Renovations that shift seat type from more dense models of fixed seating to more adaptable models of flexible seating ensure that the resultant decrease in seating count aligns with the needs of the institution more broadly. While faculty may clamor for more active learning classrooms that necessitate flexible spaces, the registrar, provost, and administration may have their eye on total seat count in classrooms. This can create a tension between registrar needs for denser, fixed, higher-seat count rooms, and faculty needs for flexible rooms that necessitate lower-seat counts. Balancing that tension over the entire portfolio of classrooms should be seen as an opportunity.
Creating a prototype classroom is a low-cost way to evaluate needs and efficacy before making a major investment in classroom changesꟷ we often develop a pilot classroom that faculty can use for a semester or more before engaging in a major capital project. This low-risk venture serves to align the institution’s expectations across many stakeholders, evaluate new technologies, give furniture a test drive, and generally work out the kinks of a new kind of space. Gathering the feedback from the many constituents that use these rooms — faculty, teaching assistants, students, staff, IT and AV personnel— during a trial period is critical. We recommend hosting lunchbox sessions in the actual room to discuss the pros and cons in person, and in situ.
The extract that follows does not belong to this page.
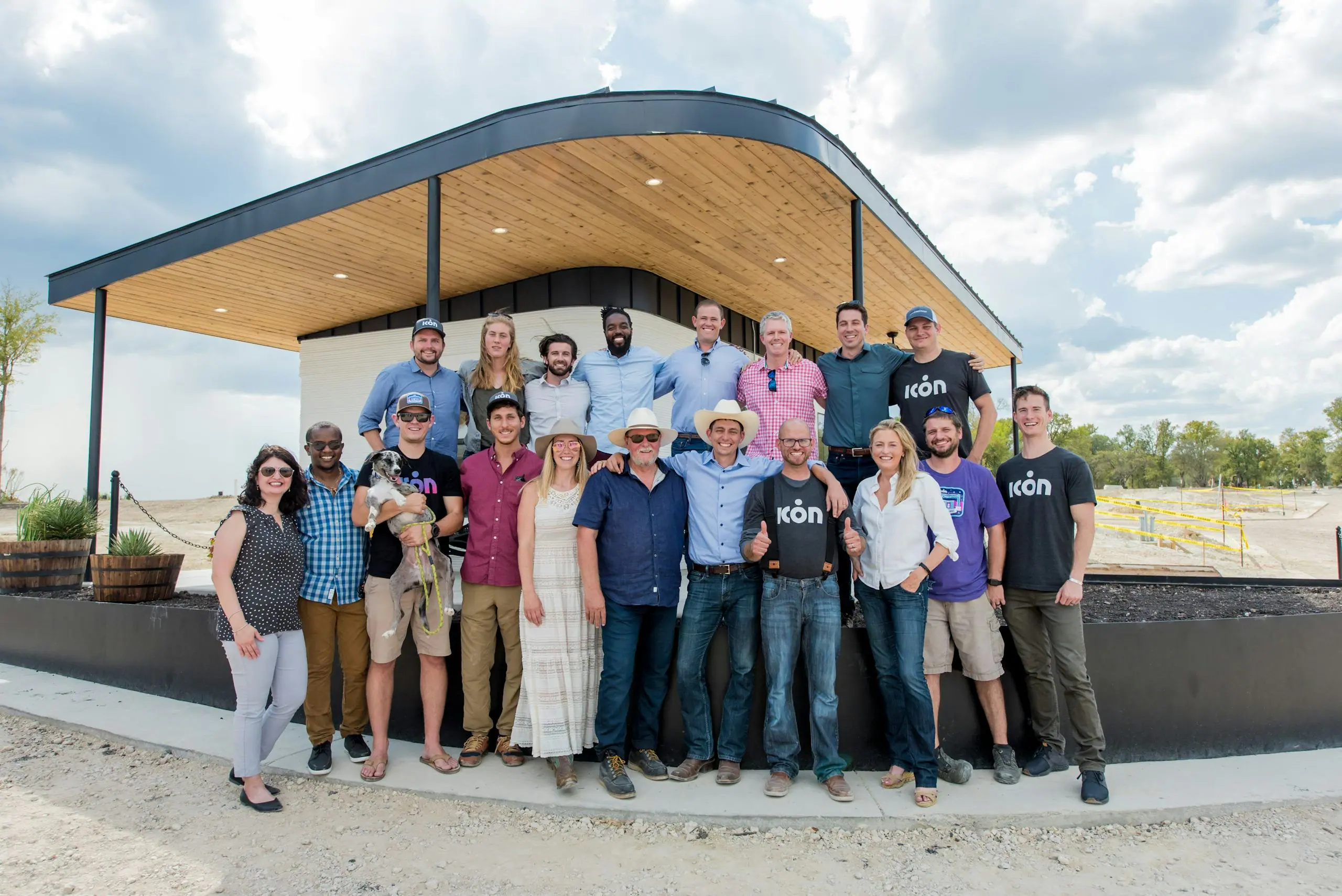 Icon Build team posing under curved wood canopy at completed 3D-printed home site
Active learning is best supported by spaces that can adapt on the fly — from face-forward lecture, to small group work, to discussion, and back to closing lecture — all within an hour and a half. Technology, furniture, lighting, and other systems all need to follow suit.
Adaptability means different things to different groups ꟷ to a university planner, it may mean how well the space may be modified over the 75-year life of a building; that is, does it have “good bones?” To facilities managers, it may mean how easily the room can be modified from semester-to-semester or year-to-year. For faculty, adaptability is increasingly a question of how well the space can flex within a class period. Understanding these differences is critical to responding in ways that meet stakeholder needs over the long term.